Conjugate titration: due to lack of a positive human serum for Babesia bovis and Babesia bigeminaa direct immunofluorescence technique was used for the titration of the conjugate. Concentrated human red blood cells were used as antigen. The slides were air-dried and an IgG or IgM conjugate was added. Fluorescein was added at different dilutions from 1/20 to 1/400, optimal dilutions were 1/200 for IgM, and 1/100 for IgG.

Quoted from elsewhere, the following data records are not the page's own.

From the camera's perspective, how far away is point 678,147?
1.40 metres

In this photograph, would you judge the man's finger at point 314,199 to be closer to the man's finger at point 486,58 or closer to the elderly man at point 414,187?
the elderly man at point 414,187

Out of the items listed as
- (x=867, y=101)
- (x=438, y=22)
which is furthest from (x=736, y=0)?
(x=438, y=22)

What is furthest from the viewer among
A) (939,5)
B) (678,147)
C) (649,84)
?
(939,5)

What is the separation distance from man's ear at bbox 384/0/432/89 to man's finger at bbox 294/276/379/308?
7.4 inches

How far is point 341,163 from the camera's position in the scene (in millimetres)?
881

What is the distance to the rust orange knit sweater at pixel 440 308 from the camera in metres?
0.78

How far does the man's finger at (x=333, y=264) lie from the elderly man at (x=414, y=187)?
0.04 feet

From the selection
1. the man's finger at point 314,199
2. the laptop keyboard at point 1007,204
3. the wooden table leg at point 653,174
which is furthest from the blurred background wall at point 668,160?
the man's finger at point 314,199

Antibody titration: IFA test for IgG and IgM was performed following the technique of Hijmans et al197014; serum dilution started at 1:166 7. IgG and IgM titers were considered positive when dilution > 1:32 showed a clear fluorescence of the antigen within red blood cells15 27. Immunofluorescence was read using the simple-blind method, in which researchers were not aware of the patient’s condition and had access only to serum samples and to thick and thin blood films. In order to exclude cross-reactions, IFA and ELISA tests for malaria were performed in all positive Babesia bovis and Babesia bigemina samples.

Malaria IFA: the technique of Hijmans et al 197014 was used. P. falciparum schizonts (FCB-2 strain) were used as antigen. They were separated by Percoll. Samples were read in a Leitz fluorescence microscope. Titers higher than 1:16 for IgG and 1:32 for IgM6 7 were considered as positive.

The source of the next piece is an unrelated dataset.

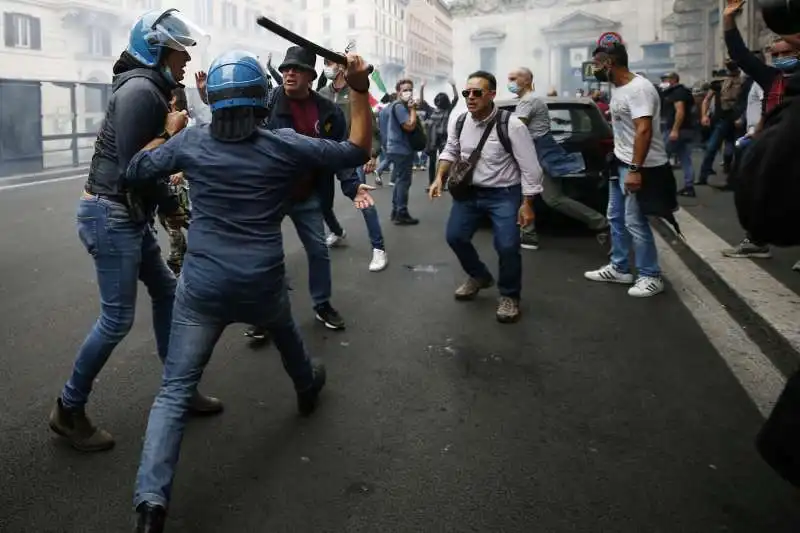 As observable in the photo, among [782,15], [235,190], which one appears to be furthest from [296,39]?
[782,15]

Malaria ELISA: crude P. falciparum schizont extracts was obtained after 2 minutes of sonication at 25W (Branson Sonifier Mod. 200). Protein concentration was measured using 1000µg/mL of Bradford reactive (Bio-Rad, Hercules, California). Standardization of the technique was performed at 1.0, 2.5, 5.0, 7.5 and 10µg/mL of the reactive in carbonate buffer (concentration of 1000µg/mL) on 96 wells U button plates (Nuclon, Denmark), and a concentration of 5µg/mL was chosen for performance of the ELISA test. 100µg/mL of the antigen were plated and incubated for one hour at 37ºC and then overnight at 4oC. The wells were washed with PBS and 0.05% Tween 20 (J.T.Baker, Deventer, Holland). 100µg/mL of PBS/5% bovine albumin were added and incubated for one hour at 37oC. Finally, plates were washed with PBS 0.05% Tween 20 (J.T.Baker).

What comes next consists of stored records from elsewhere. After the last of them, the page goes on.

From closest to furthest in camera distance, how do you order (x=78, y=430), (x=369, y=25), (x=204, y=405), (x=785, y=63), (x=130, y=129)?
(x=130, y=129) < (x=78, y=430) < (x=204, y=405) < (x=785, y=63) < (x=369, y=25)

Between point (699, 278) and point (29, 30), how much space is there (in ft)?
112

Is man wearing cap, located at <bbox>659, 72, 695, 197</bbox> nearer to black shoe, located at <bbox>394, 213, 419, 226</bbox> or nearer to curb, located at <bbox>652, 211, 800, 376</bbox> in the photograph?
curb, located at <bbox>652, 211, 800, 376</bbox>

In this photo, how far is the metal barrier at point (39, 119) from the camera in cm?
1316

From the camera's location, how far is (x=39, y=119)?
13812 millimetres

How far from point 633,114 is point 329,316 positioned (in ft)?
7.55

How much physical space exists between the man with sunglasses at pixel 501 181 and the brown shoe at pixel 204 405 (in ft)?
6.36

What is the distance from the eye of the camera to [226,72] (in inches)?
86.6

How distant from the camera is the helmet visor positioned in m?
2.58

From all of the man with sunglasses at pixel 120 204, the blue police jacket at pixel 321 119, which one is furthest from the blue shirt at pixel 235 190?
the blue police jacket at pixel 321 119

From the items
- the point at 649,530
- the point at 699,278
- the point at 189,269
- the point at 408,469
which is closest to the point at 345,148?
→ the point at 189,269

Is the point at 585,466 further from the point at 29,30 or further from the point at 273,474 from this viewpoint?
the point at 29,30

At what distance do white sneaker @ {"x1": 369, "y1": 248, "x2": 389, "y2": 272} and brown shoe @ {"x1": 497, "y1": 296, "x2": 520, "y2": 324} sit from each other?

Negative and positive controls were evaluated as a pure sample and at dilution of 1:32 in two fold dilutions in PBS 1% bovine albumin (BSA). The antigen on 96 well U-bottom plates was incubated for an hour at 37oC. Plates were washed 5 times with PBS 0.05% Tween 20 (JT Baker) and the anti-IgM alkaline phosphatase conjugated was added at a dilution of 1:20000 in PBS 1% BSA. The anti-IgG alkaline phosphatase conjugated at 1:1000 in PBS 1% BSA. Samples were incubated for an hour at 37oC and washed 5 times with PBS 0.05% Tween 20 (JT Baker). P-Nitrophenyl Phosphate (Sigma, St. Louis, USA) was added as substrate and incubated for 45 minutes at room temperature. Reaction was stopped with NaOH 2N and absorption was measured in an ELISA reader (Titertek-Uniskan II) at 405nm. The cutoff point of reactivity was determined at titers >1:32.



Parasitological findings. One individual out of 194, presented parasite forms compatible with Babesia, described as follows: A pyriform parasite, resembling a trophozoite, which was found in a 100X microscopic field, although differentiation of the chromatin was insufficient, it was compatible with Babesia. An aggregate was observed in another field, corresponding to four parasites within a red blood cell, each one had a pear-shaped trophozoite; with adequate chromatin differentiation; this form is known as Maltese Cross and is considered to confirm the diagnosis of infection by Babesia. (Figures 1 and 2)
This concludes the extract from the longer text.